In plaats van het kortste pad te vinden, werd het algoritme gewijzigd om het gedetectieverhoud te minimaliseren, waarbij regio’s met veel vertrouwen worden behandeld als gebieden met hogere ‘kosten’. Door deze aanpassing kon het algoritme routes identificeren die door blinde vlekken of laagdetectiezones gingen, waardoor voetgangers effectief worden begeleid door paden met een verminderde zichtbaarheid van bewakingssystemen.
De onderzoekers evalueerden de impact van het L-BAT-systeem op voetgangersdetectie met een gegevensset gebouwd uit de bovengenoemde vier uur durende opnames van openbaar voetgangersverkeer. Om de verzameling te vullen, werd één frame om de twee seconden verwerkt met behulp van een SSD -objectdetector.
Uit elk frame werd één begrenzingsvak geselecteerd met een gedetecteerde persoon als een positief monster, en een ander willekeurig gebied zonder gedetecteerde mensen werd gebruikt als een negatief monster. Deze tweelingmonsters vormden een dataset voor het evalueren van twee snellere R-CNN-modellen-een met L-Bat toegepast en één zonder.
De prestaties van de modellen werden beoordeeld door te controleren hoe nauwkeurig ze positieve en negatieve monsters identificeerden: een overlappende doos overlappend een positief monster werd als een echt positief beschouwd, terwijl een begrenzingsdoos overlappend een negatief monster een vals positief werd bestempeld.
Statistieken die werden gebruikt om de detectiebetrouwbaarheid van L-Bat te bepalen waren Gebied onder de curve (AUC); Echt positief percentage (TPR); False positieve snelheid (FPR); en gemiddeld echt positief vertrouwen. De onderzoekers beweren dat het gebruik van L-Bat het vertrouwen van detecties verbeterde met behoud van een hoog werkelijk positief percentage (zij het met een lichte toename van valse positieven).
Bij het sluiten merken de auteurs op dat de aanpak enkele beperkingen heeft. Een daarvan is dat de hittemaps die volgens hun methode zijn gegenereerd, specifiek zijn voor een bepaald tijdstip van de dag. Hoewel ze er niet op worden uiteengezet, zou dit erop duiden dat een grotere, meerlagige aanpak nodig zou zijn om het tijdstip van de dag in een meer flexibele implementatie te verklaren.
Ze merken ook op dat de HeatMaps niet overbrengen naar verschillende modelarchitecturen en zijn gebonden aan een specifiek objectdetectormodel.

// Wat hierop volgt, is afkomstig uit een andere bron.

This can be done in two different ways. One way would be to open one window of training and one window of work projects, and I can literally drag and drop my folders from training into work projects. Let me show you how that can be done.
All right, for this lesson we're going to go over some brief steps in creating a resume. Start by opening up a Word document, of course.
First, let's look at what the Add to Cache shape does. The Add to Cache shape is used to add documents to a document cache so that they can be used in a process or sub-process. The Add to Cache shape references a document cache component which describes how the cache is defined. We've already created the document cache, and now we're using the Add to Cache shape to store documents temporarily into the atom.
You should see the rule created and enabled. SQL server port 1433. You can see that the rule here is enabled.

Aangezien het voorgestelde werk in wezen een proof-of-concept is, kunnen meer behendige architecturen, vermoedelijk, ook worden ontwikkeld om deze technische schuld te verhelpen.
Conclusie
Elke nieuwe aanvalsmethode waarvoor de oplossing is ‘betalen voor nieuwe bewakingscamera’s’ heeft enig voordeel, omdat het uitbreiden van civic cameratienetwerken in zeer gebieden kan zijn Politiek uitdagendevenals het vertegenwoordigen van een opmerkelijke maatschappelijke kosten die meestal een kiezersmandaat nodig hebben.
Misschien is de grootste vraag van het werk ‘Maak gebruik van gesloten-source bewakingssystemen open source sota-frameworks zoals Yolo?’. Dit is natuurlijk onmogelijk om te weten, omdat de makers van de eigen systemen die zoveel staats- en maatschappelijke cameratetwerken (althans in de VS) van kracht zouden hebben, zouden beweren dat het openbaar maken van dergelijk gebruik ze zou kunnen openen om aan te vallen.

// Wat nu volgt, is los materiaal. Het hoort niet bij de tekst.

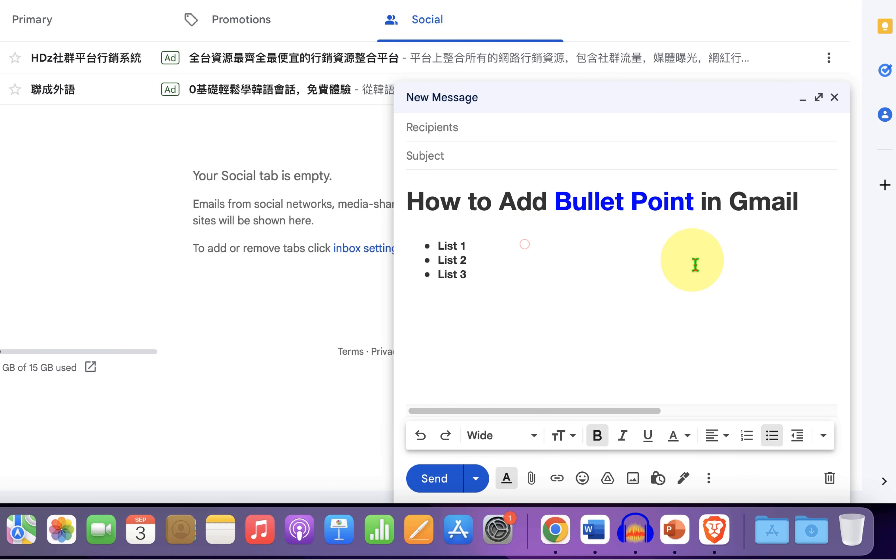Now if you want a sub bullet point, just press enter next to the main bullet point.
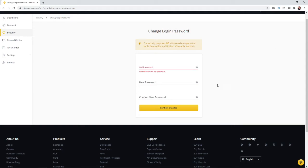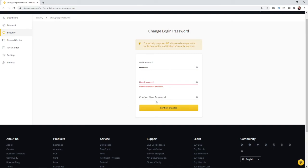So what you can do is put in your old password here, and then simply go ahead and put in your new password and then confirm your new password. And then after that, all you need to do is click on confirm changes right there. And then that's how you can change your password on Binance.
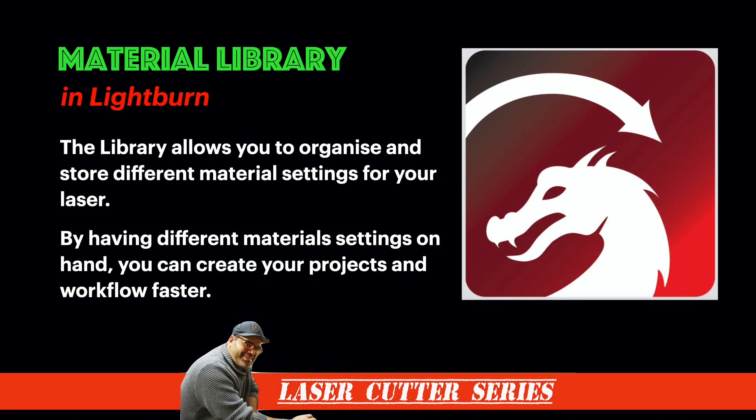So let's jump into using the libraries in Lightburn. We're going to do a bit of a deep dive here into what is called the library or the materials library. The library allows you to organize and store different material settings for your laser, which is great because it means that with having all these different material settings on hand, you get to create your projects and workflows so much faster.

Desalniettemin zou de migratie van de overheid IT en interne eigen code naar globale en open source-code suggereren dat iedereen die de stelling van de auteurs test met (bijvoorbeeld) Yolo, misschien onmiddellijk op de jackpot test.
* Normaal gesproken zou ik gerelateerde tabelresultaten opnemen wanneer ze in de krant worden verstrekt, maar in dit geval maakt de complexiteit van de tafels van het artikel ze niet verlamd voor de informele lezer, en een samenvatting is daarom nuttiger.